In attributing the distributable reserves of the principal
company therefore it is not the nature of the profits as they arise
to that company, but by reference to the amount of the various
kinds of profit that arise to all the members of the group.
Example 6
C has distributable reserves of 500 brought forward. This
includes 180 gains from the tax- exempt business of previous
accounting periods that has not yet been distributed. The balance
of 320 is (e) other reserves. In the accounting period ending 31
December 2010, the income of its tax-exempt business is the same as
the accounting measure of profit, and is 1,000. Gains on disposal
of assets involved in the tax-exempt business are 70, after
deducting 25 indexation allowances. Taxable income from other
activities is 130.
Distributable reserves are 1,725. C pays no distributions in
2010 to which profits of the current year are attributed but
decides to distribute 1,200 in March 2011 wholly attributed to 2010
profits.
The next step is to deduct the 90% Category (a) requirement
(900) from the distributable reserves and allocate the 800 balance
to the four elements of the brought forward pot (see
GREIT08045). Taxable income (b) is
130, tax-exempt income (c) 100, tax-exempt gains (d) 180 b/f + 70
and other (e) is 320 b/f + 25 book-to-tax adjustment.
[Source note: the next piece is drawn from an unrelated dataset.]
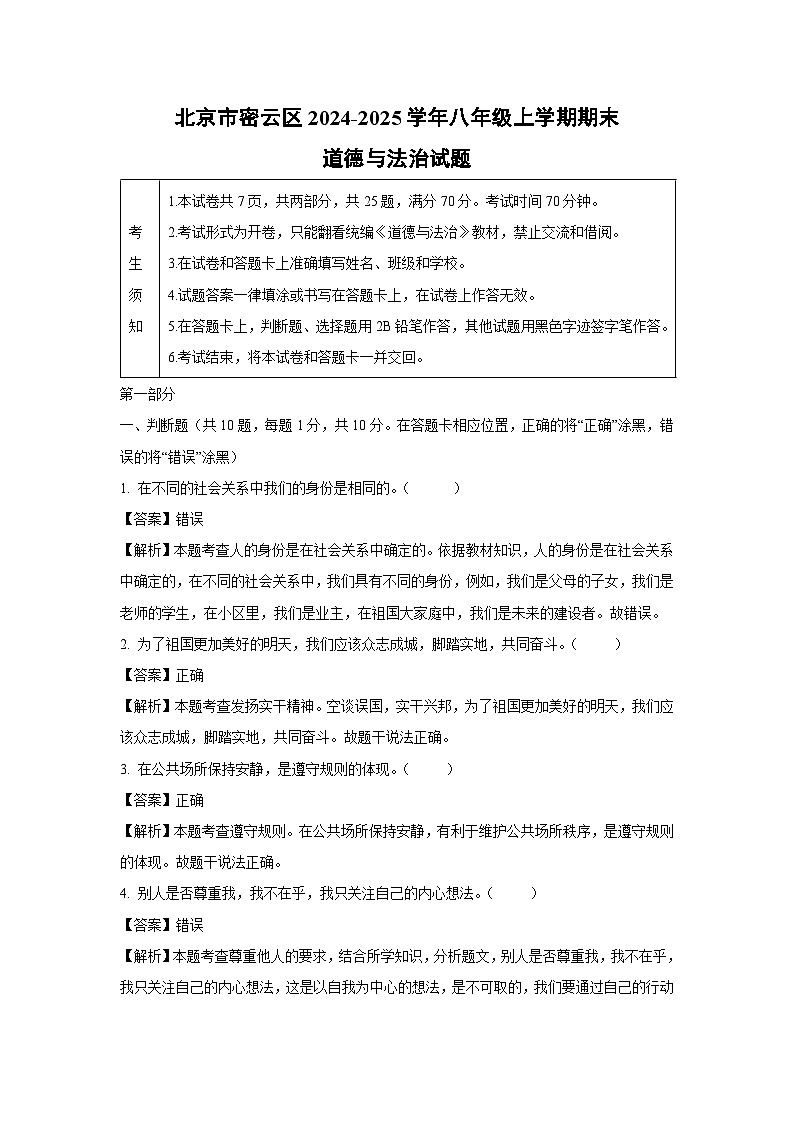 北京市密云区2024-2025学年八年级上学期期末道德与法治试卷（解析版）第1页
The final step is to attribute the 1,200 distribution by
reference to the five categories. The first 900 is Category (a) and
is a PID payable under deduction of basic rate tax (other than for
gross payment cases – see
GREIT08125). C decides to attribute
nothing to Category (b) (taxable income).
C has no choice about the balance of 300. This is attributed
first to Category (c), tax-exempt income, up to the amount in the
pot (100). This amount is a PID and payable under deduction of
basic rate tax (other than for gross payment cases).
The balance of 200 is then attributed to Category (d),
tax-exempt gains, up to the amount in tax-exempt gains pot (250).
The remainder of the distribution is therefore all a PID,
attributed to Category (d) and payable under deduction of tax
(other than for gross payment cases).
The 525 distributable reserves to carry forward will be made
up of (b) 130 from ‘taxable income’ (d) 50 gains from
the tax-exempt business, and (e) 345 other reserves.